With a head sorer and eyes redder than a mighty grizzly who’s just realised he’s run out of Berocca on Christmas morning after a particularly heavy session, the Lone Frontman returns for another season of nonsensical, equivocal, petulant, football-centric drivel.
For your information, the self-induced three month hibernation was well spent – the past two months locked away in a darkened room, studying the works of Proust by candlelight and avoiding the yearly dose of faux-patriotic summertime nonsense afforded to sports no-one gives two hoots about for the other 50 weeks of the year.
There was also a brief stint in the ring, fighting it out, mano a mano, bare chested and bloodied. Armed with only our wits and a large, nail-studded club…but that’s a story for another day.
The Premiership returns this weekend and with it, the Lone Frontman’s singular reason for lugging it’s grumpy, no-good carcass out of it’s nest every morning.
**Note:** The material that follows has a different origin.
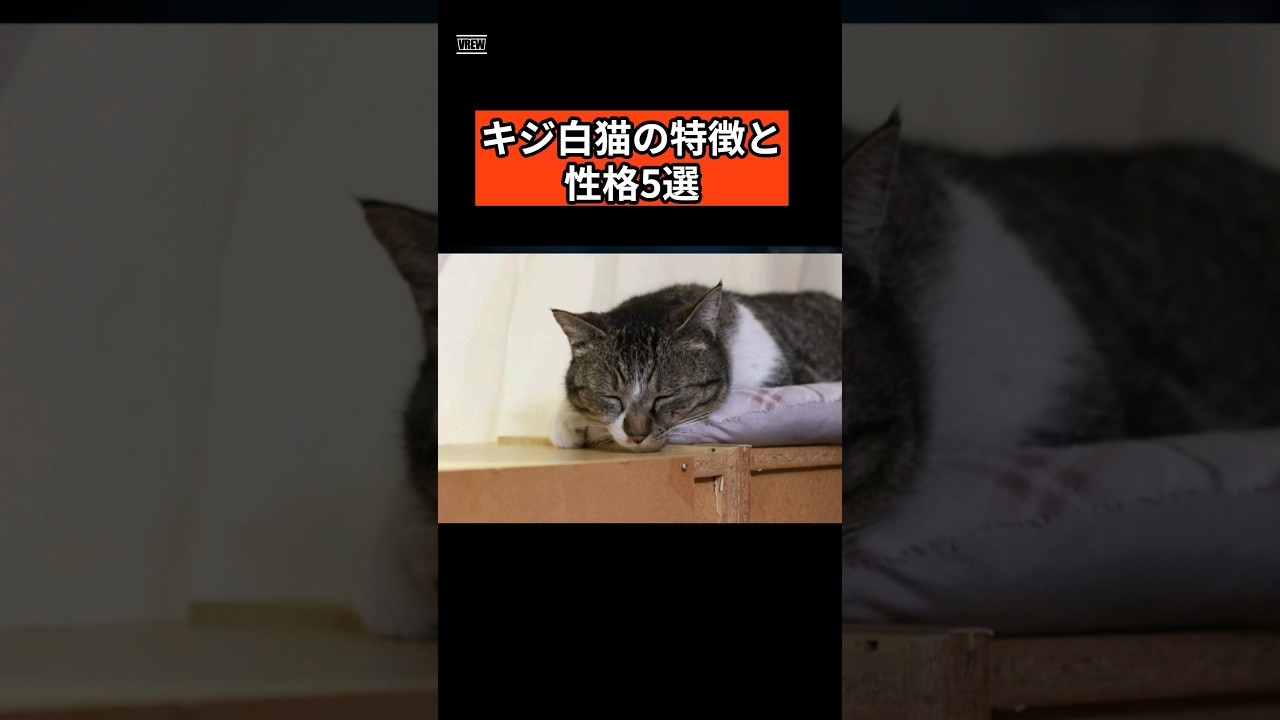キジ白の性格5選　#猫好き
With all of last season’s top three changing their manager, this season promises to be the most openly challenged title in some time, with Arsenal, Tottenham and even Liverpool, looking to cash in on the uncertainty that change creates.
Man City, of course, have looked to navigate this uncertainty in the only way they know how – spending lots of Sheik Mansour’s hard-earned cash, with Fernandinho, Stevan Jovetic, Alvaro Negredo and Jesus Navas being added to an already star-studded squad that just never got going last season.
On the other side of Manchester, David Moyes’ opening weeks in charge of a post-Ferguson United have seen a fairly auspicious start, with the Scot yet to secure a major transfer and Wayne Rooney skulking around, stomping his feet and pointing a single, chubby digit at the Chelsea shirt in JJBs while crying out in that whiney call, “but I want that one…I want it…I want it so bad…why can’t I have it?”, before dropping cross-legged to the floor and having to be dragged kicking and screaming all the way home.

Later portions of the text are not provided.